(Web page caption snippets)

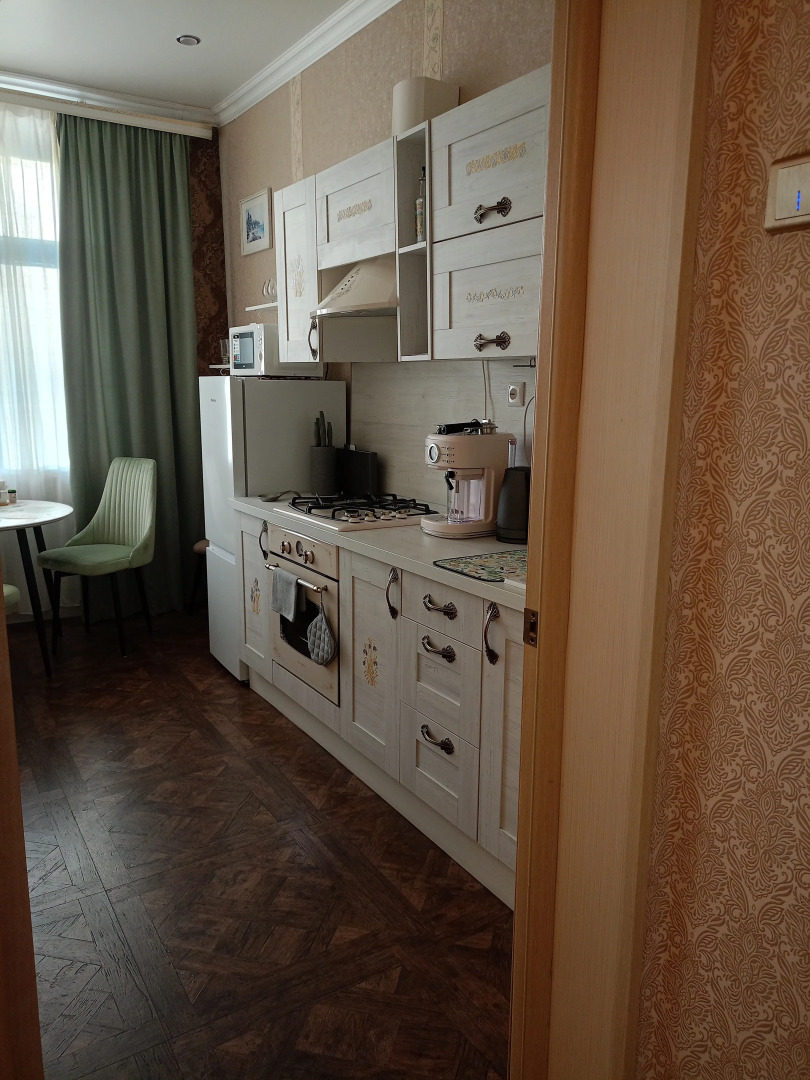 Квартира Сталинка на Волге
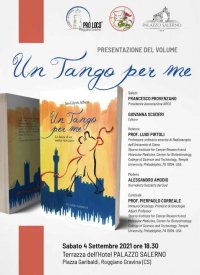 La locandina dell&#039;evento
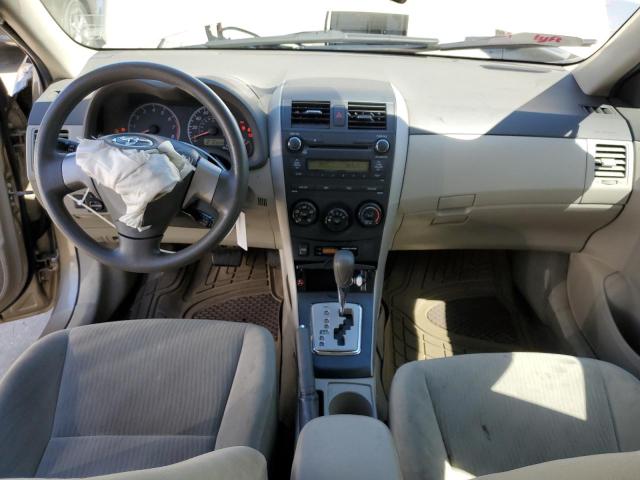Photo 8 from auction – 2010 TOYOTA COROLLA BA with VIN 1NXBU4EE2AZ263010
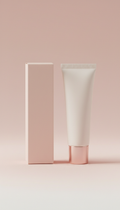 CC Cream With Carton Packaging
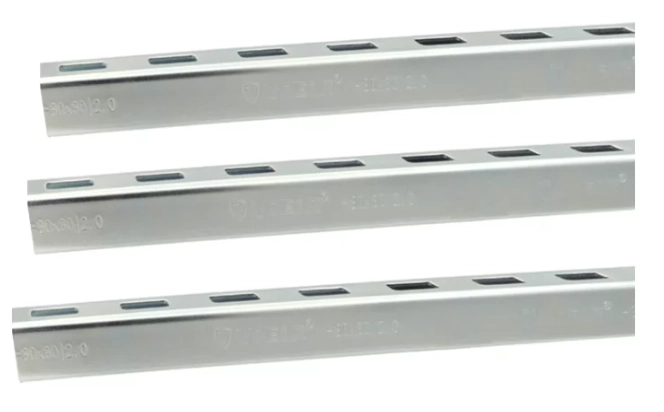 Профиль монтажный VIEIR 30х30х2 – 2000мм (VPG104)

> Exercise
Could you write out the records again exactly, omitting each image?

> Your solution
 Квартира Сталинка на Волге
 La locandina dell&#039;evento
Photo 8 from auction – 2010 TOYOTA COROLLA BA with VIN 1NXBU4EE2AZ263010
 CC Cream With Carton Packaging
 Профиль монтажный VIEIR 30х30х2 – 2000мм (VPG104)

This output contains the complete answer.